Segment Start: Source data
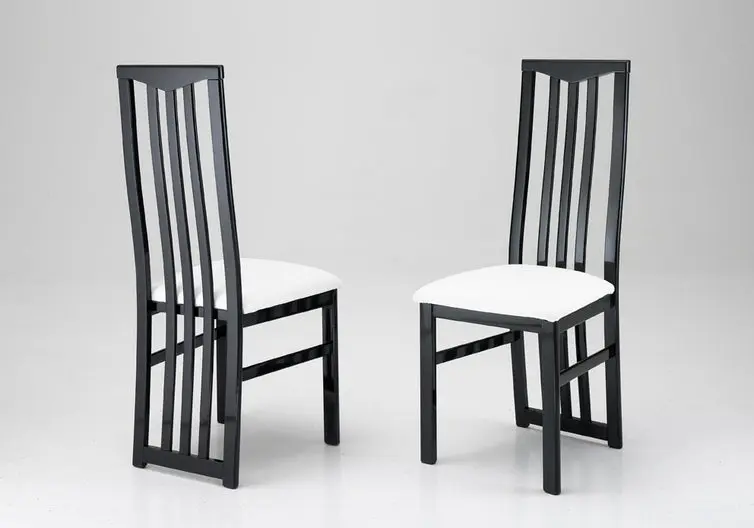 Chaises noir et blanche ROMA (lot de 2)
Segment End: Source data
Segment Start: Source data
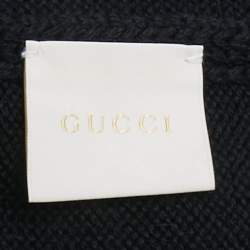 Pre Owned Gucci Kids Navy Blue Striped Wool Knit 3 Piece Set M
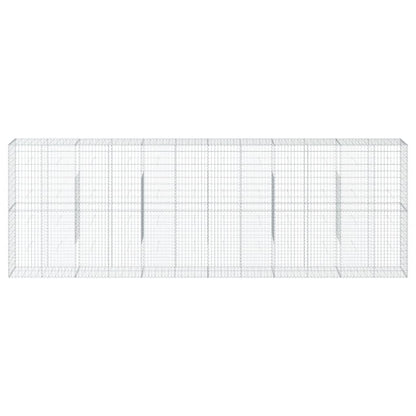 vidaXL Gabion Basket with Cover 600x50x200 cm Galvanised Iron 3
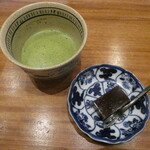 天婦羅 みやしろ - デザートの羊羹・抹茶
Segment End: Source data
• [Your goal]:
Restate word for word every line from the one with "vidaXL Gabion Basket" up to and including the one with "天婦羅 みやしろ - デザートの羊羹・抹茶" in the records above, minus the pictures.

• [Output for this exercise]:
 vidaXL Gabion Basket with Cover 600x50x200 cm Galvanised Iron 3
 天婦羅 みやしろ - デザートの羊羹・抹茶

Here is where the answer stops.